Industrial design rendering refers to making drawings from design concepts, which can be used to determine if a product is ready for manufacturing. Drawings can be done by hand, or complex computer software can develop renderings in three dimensions. When a new product or an industrial process is developed, it becomes important at some point to show what the equipment orientation will be, or how a process will fit in a building.
Prior to development of electronic computers in the 20th century, industrial design rendering was done by hand, using artists that could envision what a product might look like from a list of dimensions or specifications. Although industrial design is artistic in form, the drawing is not the desired product, but rather whatever the drawing is showing, called the depiction. Accurate industrial design rendering can reduce costs, because accurate depictions of a process or equipment can show design errors or size limitations before anything is built.
With the increasing power of computer systems in the late 20th century, industrial design quickly became linked to computer software.
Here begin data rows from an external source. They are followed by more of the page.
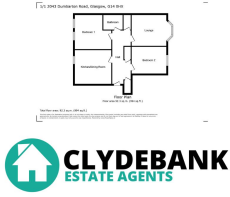 Floorplan.png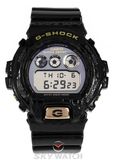 ĐỒNG HỒ CASIO DW-6900CR-1DR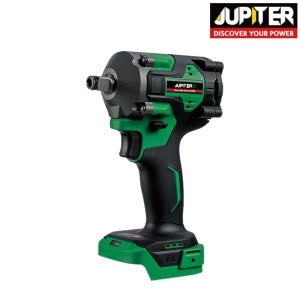 마끼다호환 주피터S 미드토크 전동 임팩트 렌치 드릴 베어툴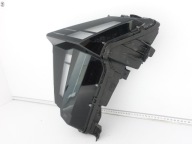 RENAULT RAFALE E-Tech DHN 24- light FULL LED DRL left W bumper front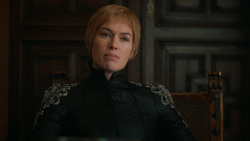 extant_GameOfThrones_7x03-TheQueensJustice_3300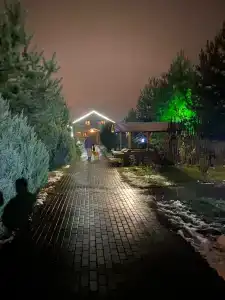 Варваровка - 16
Commercial design programs could create complex designs that could be viewed from any angle, rotated and even taken apart on a computer screen. Designers often worked with an electronic pad and stylus, transferring information directly to the computer without the need for traditional paper and pencil.
Paper sketches were still valued for early concept designs, but industrial design rendering became computer-based. This allowed designers much more freedom to experiment with a design and immediately see the result. Prototypes could be drawn, reviewed and rapidly changed without having to wait for an artist to develop them by hand.
In the 1990s, a major aircraft manufacturer used computer-aided design (CAD) to create a new aircraft without using models or small-scale prototypes. Aviation designers were networked electronically while working on different aspects of the aircraft design. If an interior cabin dimension changed to meet a specification, all designers immediately saw the impact on all other aircraft structures, weights and manufacturing requirements.
By the 21st century, industrial design rendering and CAD were closely linked, allowing designers to show visual models of equipment prototypes at every stage of development. Rendering of intermediate designs could be made at any point, because the design software maintained all changes entered into the program. Improvements in the software over time allowed images to be connected into virtual movies that could either show how a product was constructed or how it operated in an industrial setting.
As CAD systems became more complex, equipment manufacturers began to design equipment that could use the output of the CAD programs. This became known as computer-aided manufacturing (CAM), and the connected technology was known as CAD-CAM. Designers could develop a complete part design, test it in the computer, and send the result directly to a machine to create the part. This led to cost savings for manufacturers, greatly reduced product development times, and better parts quality.